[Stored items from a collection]
━━━
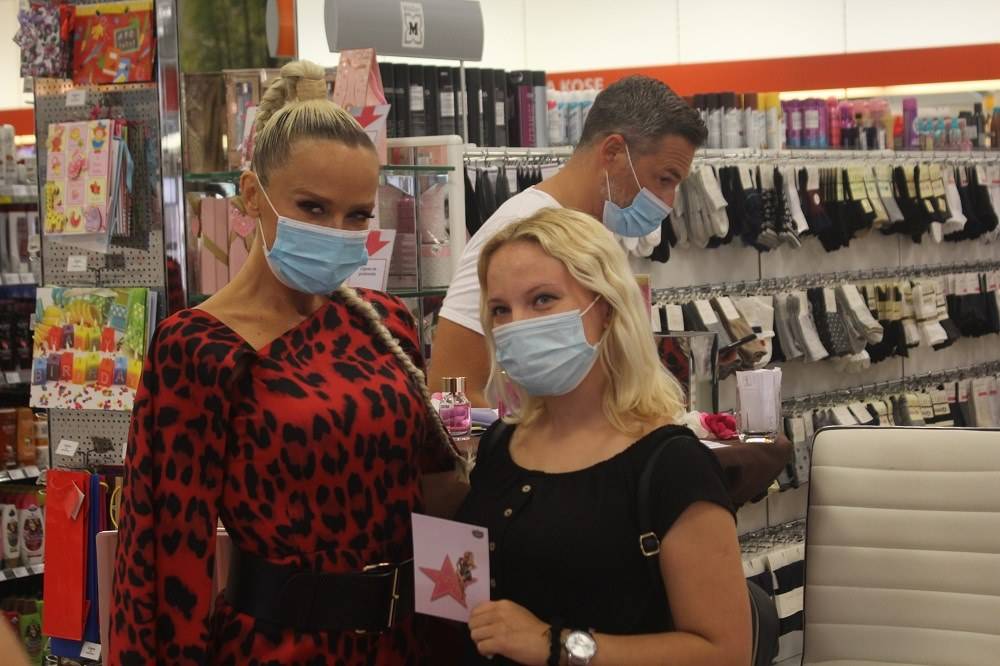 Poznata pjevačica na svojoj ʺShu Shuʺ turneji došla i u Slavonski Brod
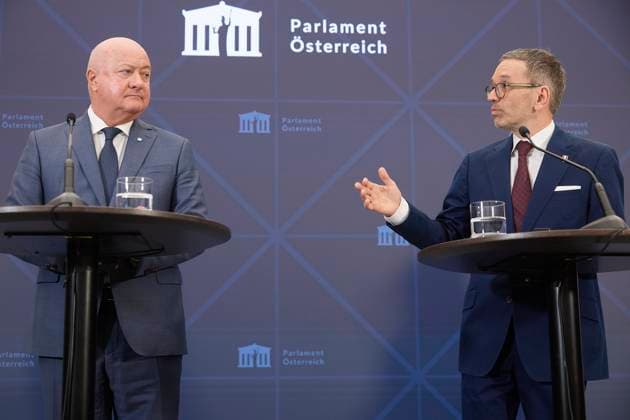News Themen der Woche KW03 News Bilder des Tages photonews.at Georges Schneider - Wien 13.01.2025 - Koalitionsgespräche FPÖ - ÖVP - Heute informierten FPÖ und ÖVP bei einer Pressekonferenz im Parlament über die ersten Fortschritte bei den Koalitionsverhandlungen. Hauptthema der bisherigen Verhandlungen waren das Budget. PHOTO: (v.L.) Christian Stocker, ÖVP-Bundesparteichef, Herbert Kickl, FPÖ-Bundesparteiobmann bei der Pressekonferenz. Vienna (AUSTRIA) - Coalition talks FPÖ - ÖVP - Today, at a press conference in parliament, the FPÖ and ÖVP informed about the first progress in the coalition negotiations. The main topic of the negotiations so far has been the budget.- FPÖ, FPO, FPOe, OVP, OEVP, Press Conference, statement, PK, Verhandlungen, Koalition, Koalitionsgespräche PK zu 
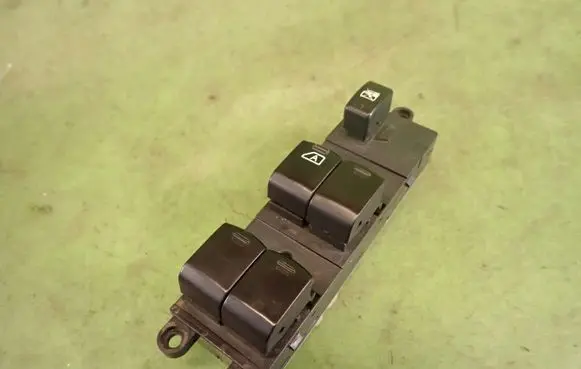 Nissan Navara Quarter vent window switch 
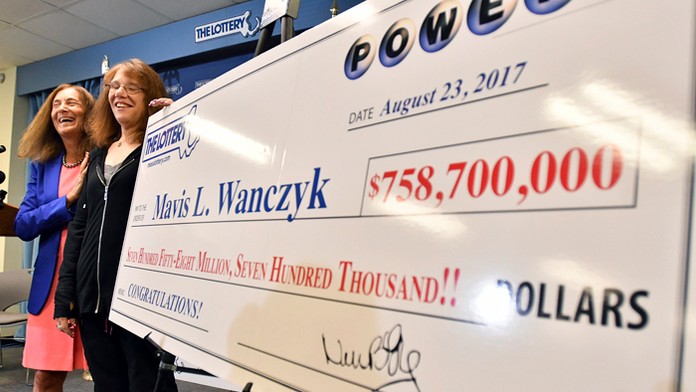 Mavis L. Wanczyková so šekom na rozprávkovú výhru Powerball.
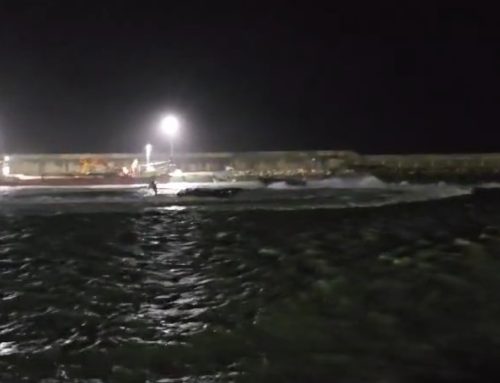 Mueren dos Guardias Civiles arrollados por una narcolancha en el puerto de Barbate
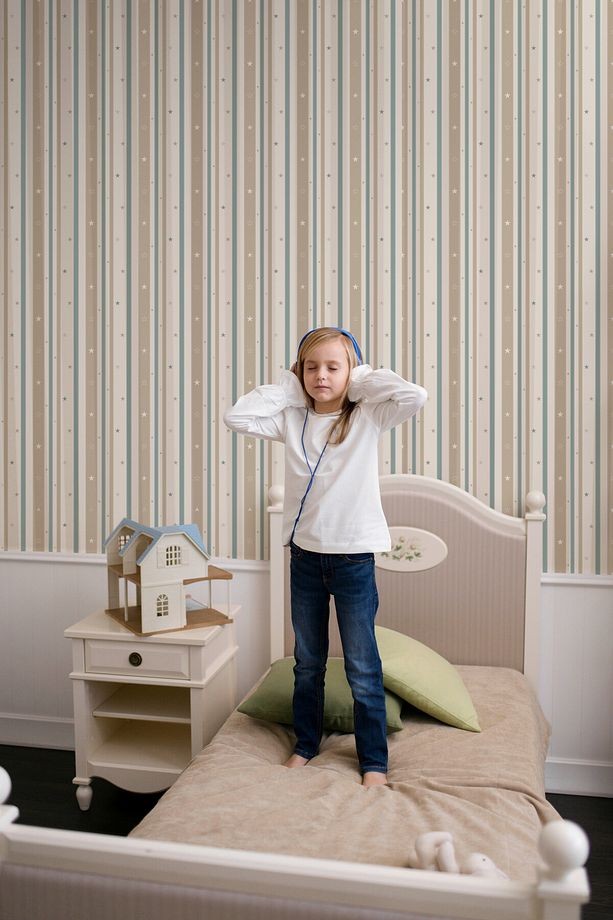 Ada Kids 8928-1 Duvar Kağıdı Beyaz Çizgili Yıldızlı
━━━
- [EXERCISE DIRECTIONS]: Each line of the data above is to be output exactly; the pictures are not to appear.

- [THE ANSWER]:
 Poznata pjevačica na svojoj ʺShu Shuʺ turneji došla i u Slavonski Brod
News Themen der Woche KW03 News Bilder des Tages photonews.at Georges Schneider - Wien 13.01.2025 - Koalitionsgespräche FPÖ - ÖVP - Heute informierten FPÖ und ÖVP bei einer Pressekonferenz im Parlament über die ersten Fortschritte bei den Koalitionsverhandlungen. Hauptthema der bisherigen Verhandlungen waren das Budget. PHOTO: (v.L.) Christian Stocker, ÖVP-Bundesparteichef, Herbert Kickl, FPÖ-Bundesparteiobmann bei der Pressekonferenz. Vienna (AUSTRIA) - Coalition talks FPÖ - ÖVP - Today, at a press conference in parliament, the FPÖ and ÖVP informed about the first progress in the coalition negotiations. The main topic of the negotiations so far has been the budget.- FPÖ, FPO, FPOe, OVP, OEVP, Press Conference, statement, PK, Verhandlungen, Koalition, Koalitionsgespräche PK zu 
 Nissan Navara Quarter vent window switch 
 Mavis L. Wanczyková so šekom na rozprávkovú výhru Powerball.
 Mueren dos Guardias Civiles arrollados por una narcolancha en el puerto de Barbate
 Ada Kids 8928-1 Duvar Kağıdı Beyaz Çizgili Yıldızlı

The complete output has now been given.